Si j'avais de la chance, je me fondrais dans le décor – et franchement, c'était exactement là où je voulais être lors de ce genre d'événements.
"Assez traîné, allons-y," grommela mon père en prenant la main de Grace. Il ouvrit la marche hors de la maison, Seb, Lily et moi le suivant comme des chiots – sans jeu de mots. Nous marchâmes en silence, et je pris un moment pour apprécier le paysage.
Notre meute vivait dans sa propre communauté forestière, ce qui signifiait que la plupart des endroits, comme la maison de la meute, étaient encore accessibles à pied.
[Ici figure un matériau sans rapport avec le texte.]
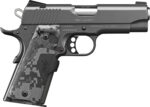 Kimber Mfg.,inc 3000244 Pro Covert 45 ACP 7+1 4" Stainless Steel Slide Charcoal Gray KimPro II Crimson Trace Urban Camouflage Grip 2 170467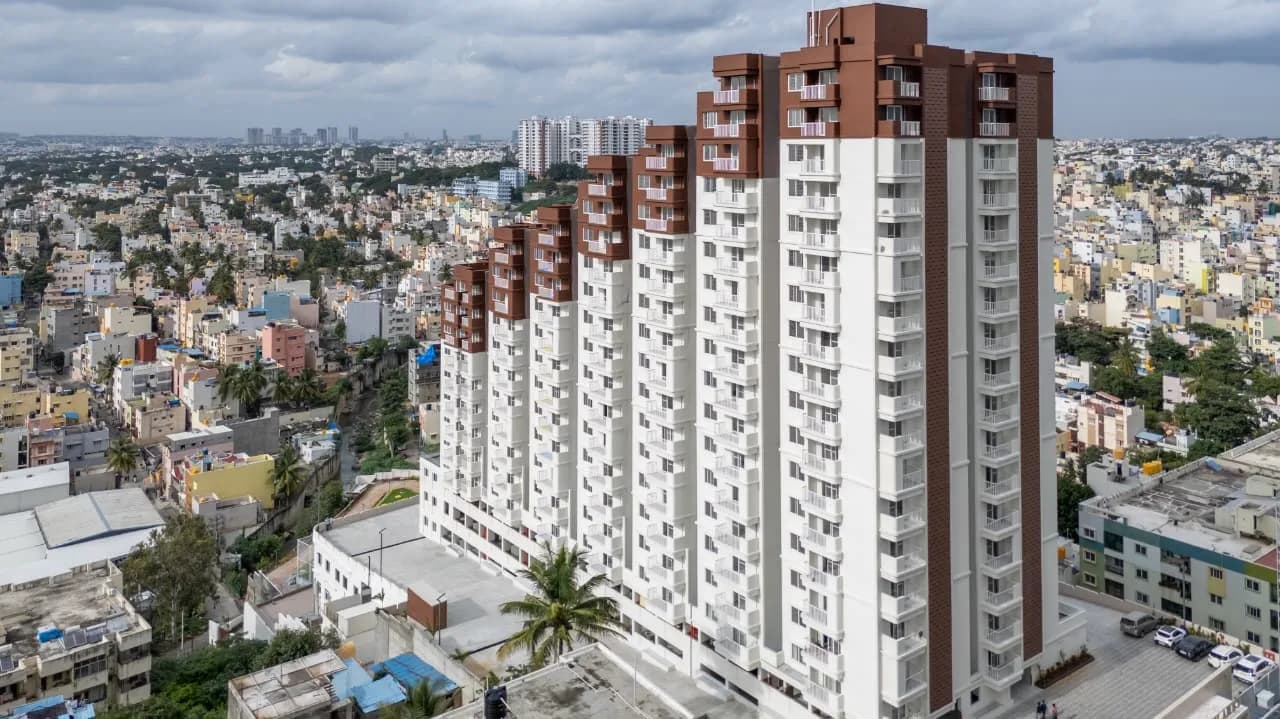 Mars The Planet: Site photo filed with Karnataka RERA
Les maisons familiales bordaient un côté de la rue, mais si vous continuiez à marcher, vous finiriez par tomber sur une épicerie et une infirmerie gérées par la meute. Les membres de la meute étaient autorisés à partir quand ils le voulaient, mais la configuration de notre communauté signifiait que vous en aviez rarement besoin.
Et, si vous en aviez besoin, vous deviez toujours répondre aux gardes qui protégeaient nos frontières. Ils ne vous empêcheraient pas de partir, mais ils rendaient beaucoup plus difficile de sortir en douce.
La petite partie résidentielle de la communauté n'était qu'une petite partie de la meute – la plupart de notre territoire n'était que des zones boisées où les loups pouvaient courir, jouer et se transformer quand ils le voulaient.
Pour les loups-garous, c'était la configuration idéale.
En tant qu'humain qui ne se qualifierait pas de "naturellement porté sur l'extérieur", vivre à une heure de la ville la plus proche n'était pas exactement un point fort. Je n'étais en aucun cas prisonnier, mais il y avait des moments où vivre sur le territoire de Blacktooth me faisait me sentir piégé.
Avec des gardes surveillant chaque centimètre de la propriété, il était difficile de simplement entrer et sortir à ma guise. Et puisque je n'étais pas un loup-garou, je ne pouvais pas simplement me transformer et courir à travers les bois sur quatre pattes comme mes frères et sœurs pouvaient le faire chaque fois que je voulais prendre l'air.
Que je le veuille ou non, j'étais un humain vivant dans la tanière des loups.